A principal novidade é a criação de dois novos tributos: o IBS (Imposto sobre Bens e Serviços), que será compartilhado entre estados e municípios, e a CBS (Contribuição sobre Bens e Serviços), de competência federal. Esses impostos passam a incidir de forma gradual, substituindo tributos atuais como PIS, Cofins, ICMS e ISS.
Em 2026, entram em vigor as chamadas “alíquotas-teste” do novo sistema. Já em 2027, PIS e Cofins serão extintos. A transição segue até 2033, quando ICMS e ISS deixam de existir definitivamente, consolidando o novo modelo tributário baseado no valor agregado.
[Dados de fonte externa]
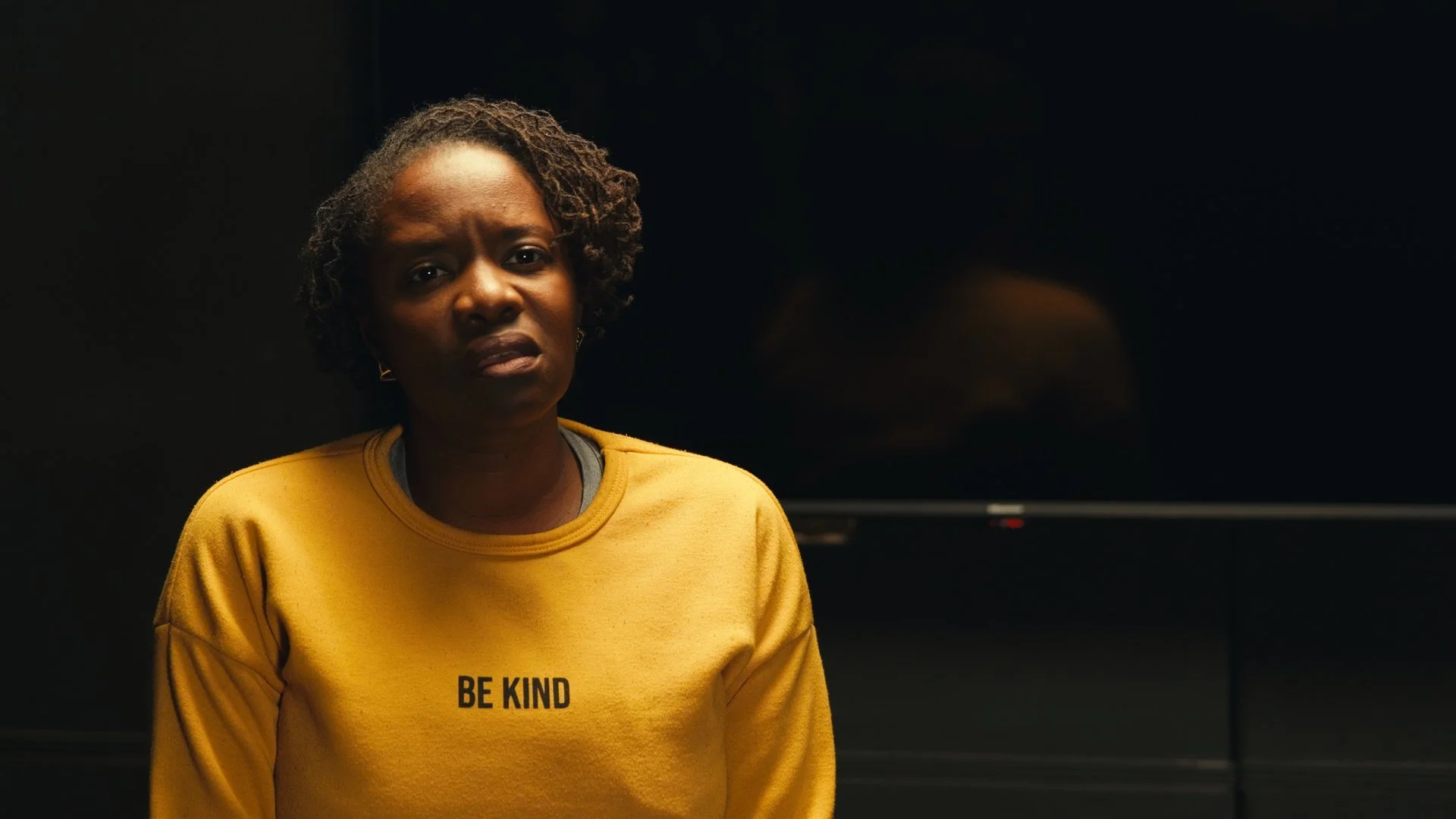 A woman with short, curly hair wears a yellow sweatshirt with the words 'BE KIND' printed on it, standing against a dark background with a large black screen or monitor behind her.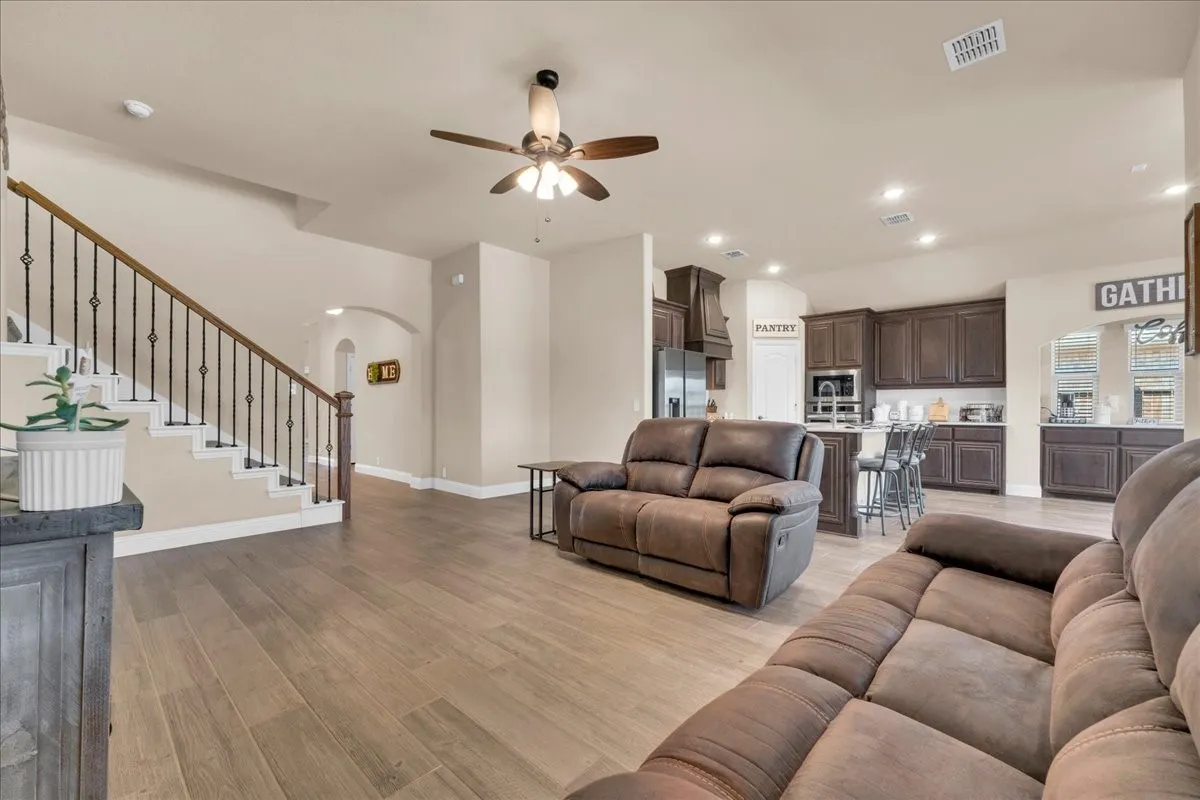 Wood-finish flooring, staircase with wrought iron balusters, recessed lighting, ceiling fan, and dark wood kitchen cabinetry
Para o agronegócio, setor estratégico da economia brasileira, haverá um tratamento diferenciado, considerando as particularidades da atividade rural. Ainda assim, especialistas alertam que o produtor precisa ficar atento às mudanças, especialmente em relação ao crédito tributário, à cumulatividade e à forma como os impostos serão aplicados ao longo da cadeia produtiva.
Outro ponto de destaque é que o novo sistema busca maior transparência e simplificação, reduzindo a burocracia e facilitando o entendimento sobre quanto se paga de imposto em cada etapa da produção. Por outro lado, a adaptação pode exigir planejamento financeiro, revisão de contratos e até investimentos em gestão tributária.
A expectativa é que a reforma traga mais equilíbrio e eficiência ao sistema, mas o sucesso dependerá da forma como as regras serão regulamentadas e aplicadas na prática.
Diante desse cenário, produtores rurais, cooperativas e empresas do setor devem se preparar desde já, buscando orientação especializada para entender os impactos e aproveitar possíveis benefícios do novo modelo tributário.